**EXERCISE DIRECTIONS**
What are the lines from the top of the entries through the one with "Bronze offering bowl"? Write them out exactly, with no pictures.
START DATA PROVIDED
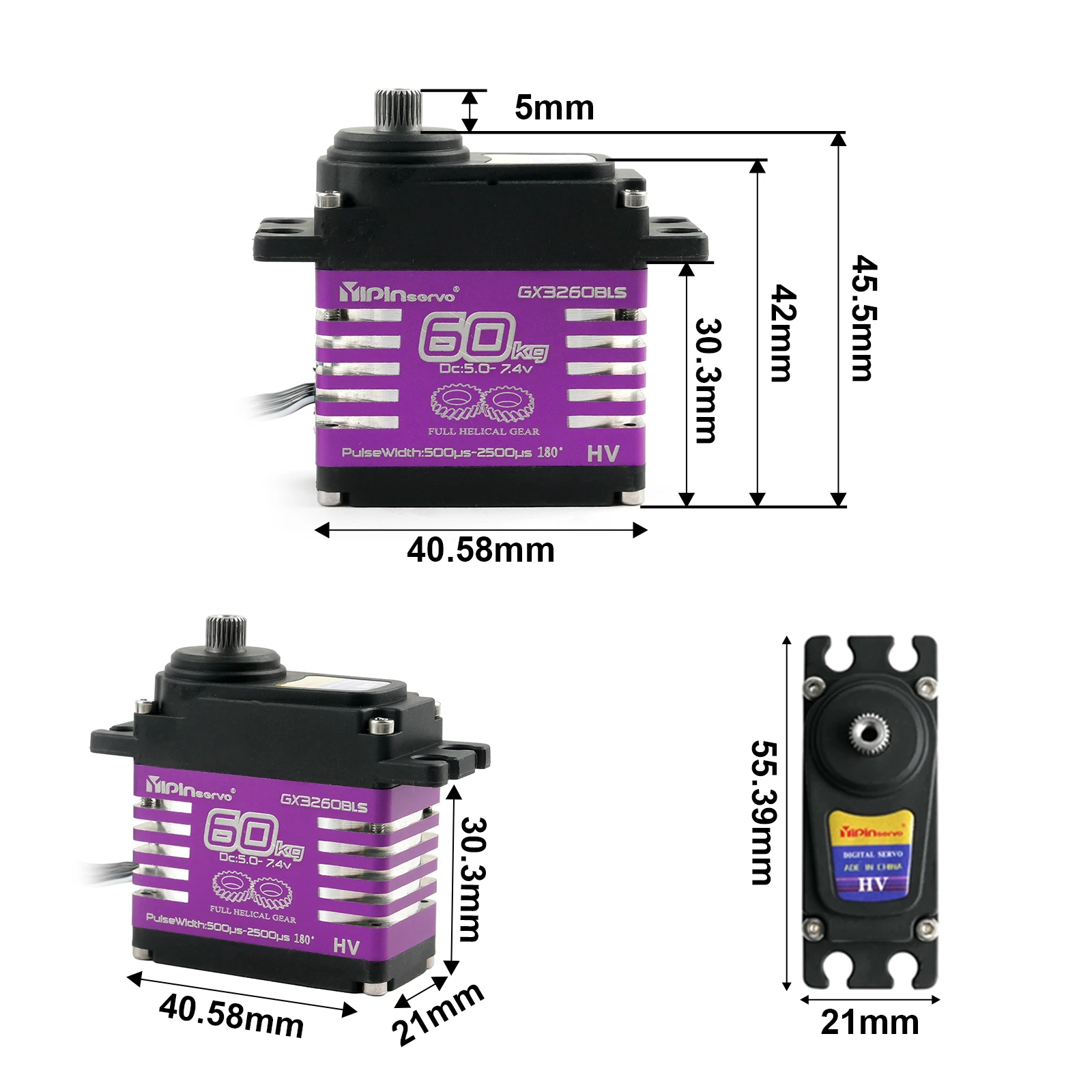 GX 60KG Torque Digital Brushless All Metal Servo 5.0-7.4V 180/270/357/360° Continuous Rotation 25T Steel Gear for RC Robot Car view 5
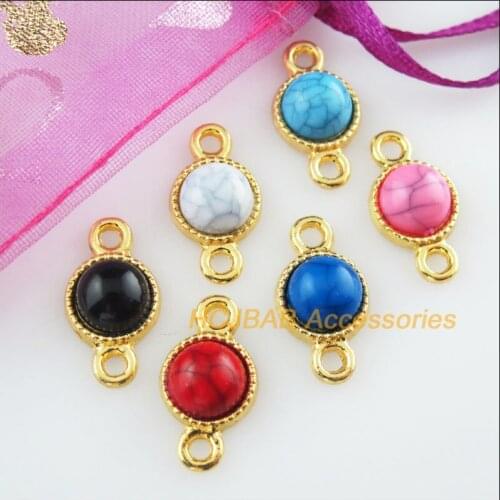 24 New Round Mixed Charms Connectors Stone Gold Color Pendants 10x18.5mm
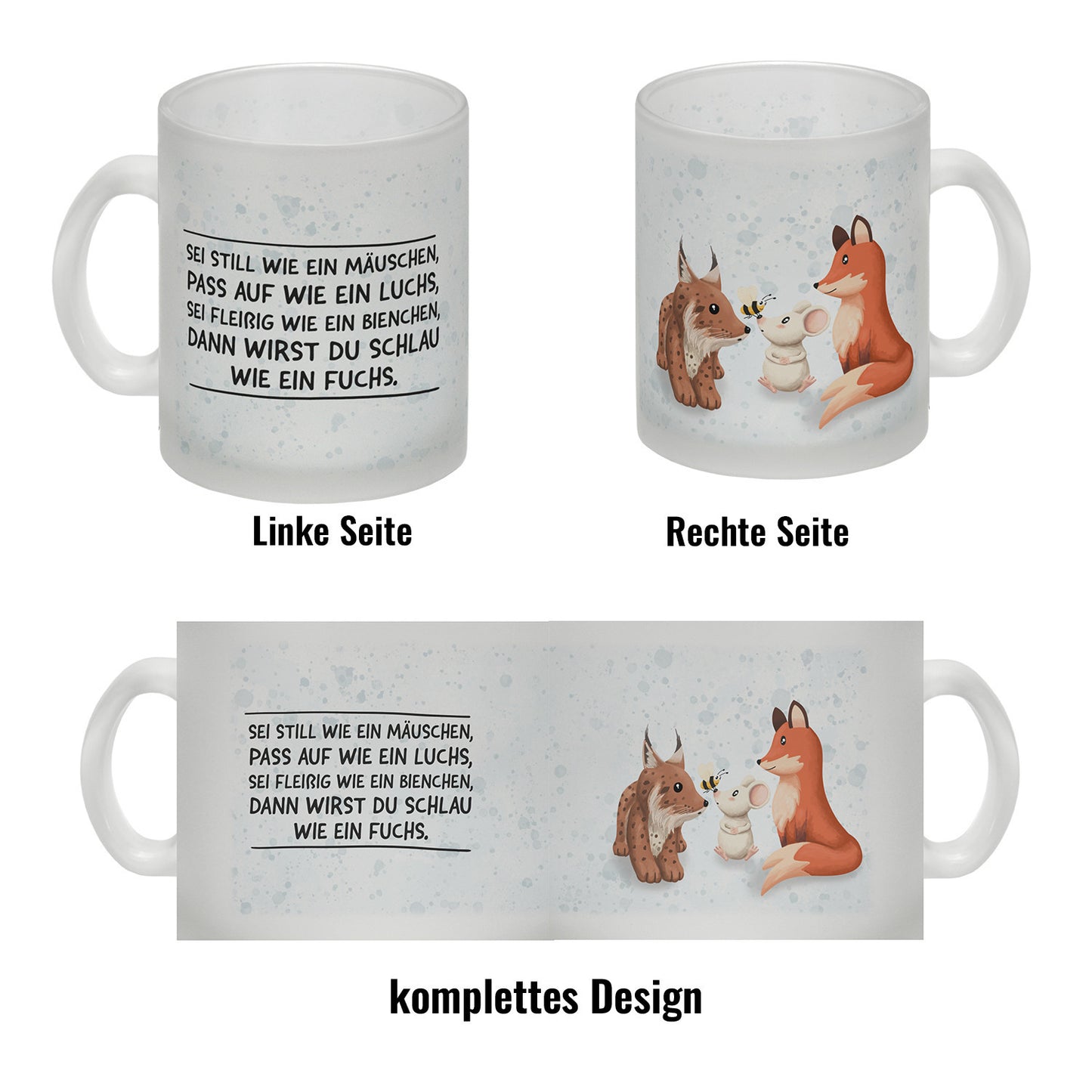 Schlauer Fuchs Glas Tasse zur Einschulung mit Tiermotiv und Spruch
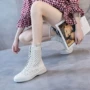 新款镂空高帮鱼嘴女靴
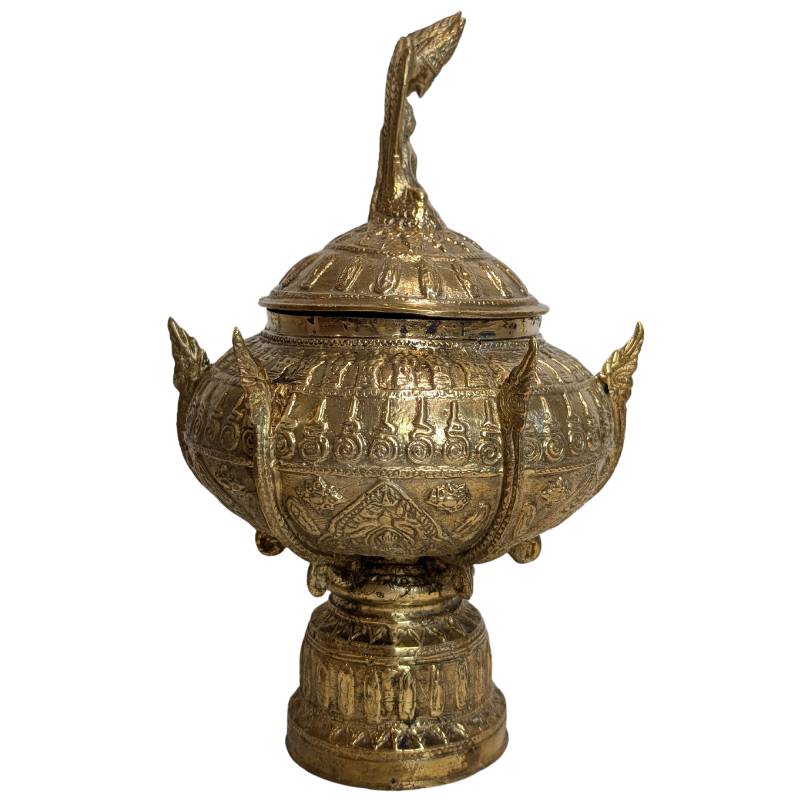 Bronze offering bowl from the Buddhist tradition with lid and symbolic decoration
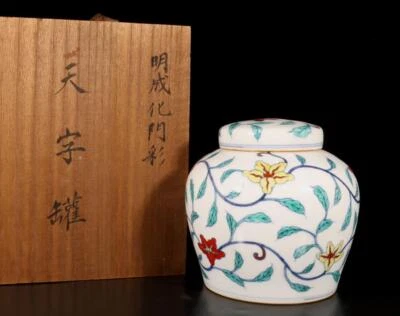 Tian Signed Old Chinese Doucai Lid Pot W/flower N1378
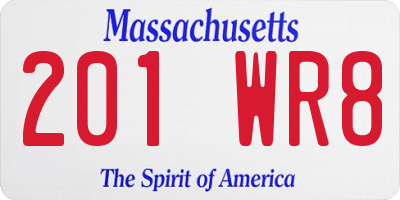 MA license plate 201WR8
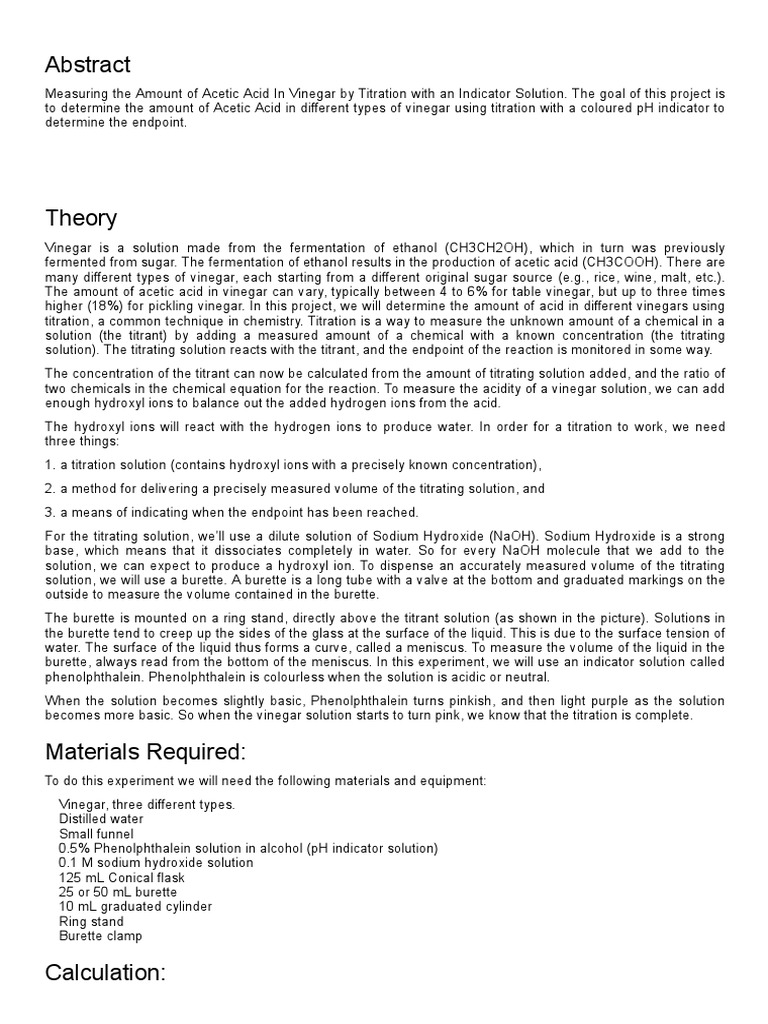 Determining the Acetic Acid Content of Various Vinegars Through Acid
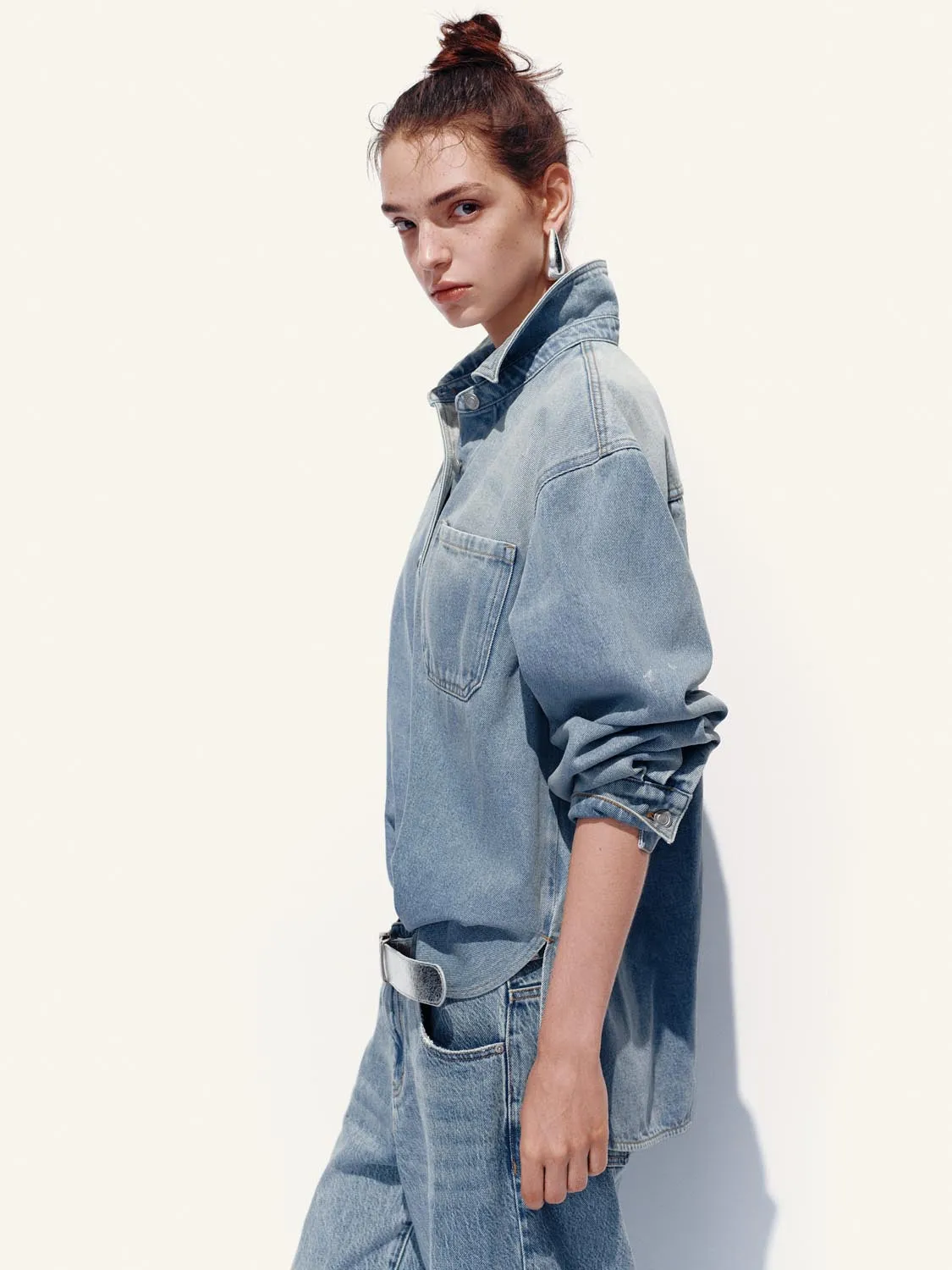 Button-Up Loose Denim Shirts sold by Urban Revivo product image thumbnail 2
END DATA PROVIDED
**SOLVED PROBLEM**
 GX 60KG Torque Digital Brushless All Metal Servo 5.0-7.4V 180/270/357/360° Continuous Rotation 25T Steel Gear for RC Robot Car view 5
 24 New Round Mixed Charms Connectors Stone Gold Color Pendants 10x18.5mm
 Schlauer Fuchs Glas Tasse zur Einschulung mit Tiermotiv und Spruch
 新款镂空高帮鱼嘴女靴
 Bronze offering bowl from the Buddhist tradition with lid and symbolic decoration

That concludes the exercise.